Out of place, out of time

Out of place, out of time

We were in Almeria again yesterday, picking up my daughter, Natasha, from the airport there. It’s a shiny new airport where very little happens. Yesterday five arrivals and, I suppose, about the same number of departures, was the total air traffic activity for the day. The mind boggles at the economics of this enterprise: perhaps it’s busier in the summer; maybe there are cargo flights I didn’t see.  But still, it’s a puzzle.

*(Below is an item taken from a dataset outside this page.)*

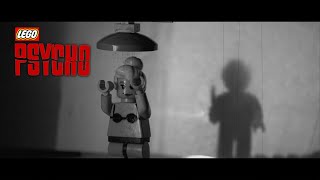 Lego - Psycho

I was in the passenger seat for the journey back along the A7.  Ample views and time to let the mind wander. There’s plenty to see besides distant sierras and those unbecoming ranks of polythene. Dotted here and there are remnants of buildings long abandoned.  They remind me of the Cortijada del Moro (loosely translated as Moorish farmstead) that we pass on one of our favourite walks in the area.  This tiny, graceful but crumbling cluster of ruins lies in a small canyon where water must once have flowed to sustain the community, its crops and livestock. Similar in style, made from the same stone with its distinctive dilapidation, the roadside ruins could be a few hundred years old – the Moors were expelled in the second half of the 16th century though many communities stayed on for a while.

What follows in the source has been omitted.